• **Aim of the task**
Reproduce exactly, from the data that follows, the line with "at broker Evolution", the line with "end-user market a", and every line that lies between them.

━━ Material provided ━━

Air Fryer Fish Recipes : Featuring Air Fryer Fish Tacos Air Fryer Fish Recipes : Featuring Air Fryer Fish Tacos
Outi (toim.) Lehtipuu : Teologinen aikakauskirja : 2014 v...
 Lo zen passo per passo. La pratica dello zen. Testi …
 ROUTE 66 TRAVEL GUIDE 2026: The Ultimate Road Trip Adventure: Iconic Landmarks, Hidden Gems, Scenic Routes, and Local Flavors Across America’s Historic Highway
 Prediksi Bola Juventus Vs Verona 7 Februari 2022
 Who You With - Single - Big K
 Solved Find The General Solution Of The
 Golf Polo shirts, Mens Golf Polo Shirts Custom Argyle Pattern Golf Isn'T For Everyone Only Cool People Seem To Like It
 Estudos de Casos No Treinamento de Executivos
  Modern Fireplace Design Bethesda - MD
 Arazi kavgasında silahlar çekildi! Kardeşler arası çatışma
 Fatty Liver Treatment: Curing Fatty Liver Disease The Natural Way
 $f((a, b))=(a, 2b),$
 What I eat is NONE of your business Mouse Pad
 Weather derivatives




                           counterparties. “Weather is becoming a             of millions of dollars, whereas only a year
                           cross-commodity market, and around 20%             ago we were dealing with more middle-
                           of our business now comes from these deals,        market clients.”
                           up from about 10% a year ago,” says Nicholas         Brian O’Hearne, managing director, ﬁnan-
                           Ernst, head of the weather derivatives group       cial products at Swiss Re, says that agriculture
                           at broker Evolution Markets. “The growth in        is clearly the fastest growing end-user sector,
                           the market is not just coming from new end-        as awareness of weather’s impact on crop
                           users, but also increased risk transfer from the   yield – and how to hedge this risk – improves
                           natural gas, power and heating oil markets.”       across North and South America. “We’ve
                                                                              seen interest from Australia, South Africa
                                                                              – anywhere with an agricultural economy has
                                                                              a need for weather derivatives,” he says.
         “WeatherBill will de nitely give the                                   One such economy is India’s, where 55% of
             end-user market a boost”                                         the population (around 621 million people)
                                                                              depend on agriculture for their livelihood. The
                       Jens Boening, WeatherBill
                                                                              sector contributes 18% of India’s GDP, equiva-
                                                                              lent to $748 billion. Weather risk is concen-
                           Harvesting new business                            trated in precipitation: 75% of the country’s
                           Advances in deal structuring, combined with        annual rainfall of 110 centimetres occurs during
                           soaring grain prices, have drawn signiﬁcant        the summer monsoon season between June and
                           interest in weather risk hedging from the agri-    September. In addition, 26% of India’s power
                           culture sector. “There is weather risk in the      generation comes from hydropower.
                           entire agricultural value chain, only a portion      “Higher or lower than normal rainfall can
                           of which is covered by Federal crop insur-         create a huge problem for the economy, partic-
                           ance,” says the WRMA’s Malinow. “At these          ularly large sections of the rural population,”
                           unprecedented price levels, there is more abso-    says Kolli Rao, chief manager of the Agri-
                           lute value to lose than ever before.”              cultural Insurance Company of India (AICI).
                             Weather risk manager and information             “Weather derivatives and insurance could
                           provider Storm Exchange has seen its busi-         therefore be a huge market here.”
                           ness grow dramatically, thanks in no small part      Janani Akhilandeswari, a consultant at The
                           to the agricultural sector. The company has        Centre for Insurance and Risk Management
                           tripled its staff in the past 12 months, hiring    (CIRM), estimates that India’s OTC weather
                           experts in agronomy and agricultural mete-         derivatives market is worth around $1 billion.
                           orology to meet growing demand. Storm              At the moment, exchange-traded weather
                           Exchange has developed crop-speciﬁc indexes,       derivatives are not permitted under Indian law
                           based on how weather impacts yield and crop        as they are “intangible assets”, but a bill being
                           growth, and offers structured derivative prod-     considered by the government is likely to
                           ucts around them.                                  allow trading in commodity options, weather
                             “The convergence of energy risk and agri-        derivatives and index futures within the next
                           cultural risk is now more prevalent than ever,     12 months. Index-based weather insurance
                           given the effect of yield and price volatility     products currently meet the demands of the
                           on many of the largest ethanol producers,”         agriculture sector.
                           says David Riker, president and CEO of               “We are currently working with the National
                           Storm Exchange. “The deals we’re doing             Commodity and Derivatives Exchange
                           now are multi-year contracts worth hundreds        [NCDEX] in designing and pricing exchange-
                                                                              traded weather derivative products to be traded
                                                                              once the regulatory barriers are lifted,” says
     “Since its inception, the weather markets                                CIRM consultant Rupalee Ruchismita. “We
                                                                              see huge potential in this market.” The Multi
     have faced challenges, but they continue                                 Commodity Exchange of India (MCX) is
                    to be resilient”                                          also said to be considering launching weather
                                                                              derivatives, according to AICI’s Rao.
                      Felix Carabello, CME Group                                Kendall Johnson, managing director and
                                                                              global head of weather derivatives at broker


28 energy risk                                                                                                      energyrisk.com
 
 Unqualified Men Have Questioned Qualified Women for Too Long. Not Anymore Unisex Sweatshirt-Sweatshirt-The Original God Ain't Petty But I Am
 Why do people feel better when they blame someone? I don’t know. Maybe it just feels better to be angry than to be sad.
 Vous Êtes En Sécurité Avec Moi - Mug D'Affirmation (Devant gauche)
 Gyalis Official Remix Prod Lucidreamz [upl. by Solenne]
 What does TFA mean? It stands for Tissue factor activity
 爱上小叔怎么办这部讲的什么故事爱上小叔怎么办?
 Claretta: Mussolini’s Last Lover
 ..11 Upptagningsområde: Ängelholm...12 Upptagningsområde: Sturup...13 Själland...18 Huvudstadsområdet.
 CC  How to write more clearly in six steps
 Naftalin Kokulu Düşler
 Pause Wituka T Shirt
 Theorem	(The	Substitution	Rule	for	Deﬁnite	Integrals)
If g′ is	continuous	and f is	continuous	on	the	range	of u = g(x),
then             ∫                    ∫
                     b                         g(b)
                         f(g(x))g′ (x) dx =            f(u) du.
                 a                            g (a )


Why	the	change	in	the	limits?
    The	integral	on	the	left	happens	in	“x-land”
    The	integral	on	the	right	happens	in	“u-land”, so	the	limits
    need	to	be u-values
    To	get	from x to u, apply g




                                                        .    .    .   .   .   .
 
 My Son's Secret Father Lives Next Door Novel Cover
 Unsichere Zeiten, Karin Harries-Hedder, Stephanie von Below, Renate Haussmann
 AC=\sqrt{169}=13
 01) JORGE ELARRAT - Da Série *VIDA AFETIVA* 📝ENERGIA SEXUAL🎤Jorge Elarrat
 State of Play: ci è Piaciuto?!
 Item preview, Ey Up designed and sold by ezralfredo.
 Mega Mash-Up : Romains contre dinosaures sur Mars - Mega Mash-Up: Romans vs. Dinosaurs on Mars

━━━

• **Exercise solution**
                           at broker Evolution Markets. “The growth in        is clearly the fastest growing end-user sector,
                           the market is not just coming from new end-        as awareness of weather’s impact on crop
                           users, but also increased risk transfer from the   yield – and how to hedge this risk – improves
                           natural gas, power and heating oil markets.”       across North and South America. “We’ve
                                                                              seen interest from Australia, South Africa
                                                                              – anywhere with an agricultural economy has
                                                                              a need for weather derivatives,” he says.
         “WeatherBill will de nitely give the                                   One such economy is India’s, where 55% of
             end-user market a boost”                                         the population (around 621 million people)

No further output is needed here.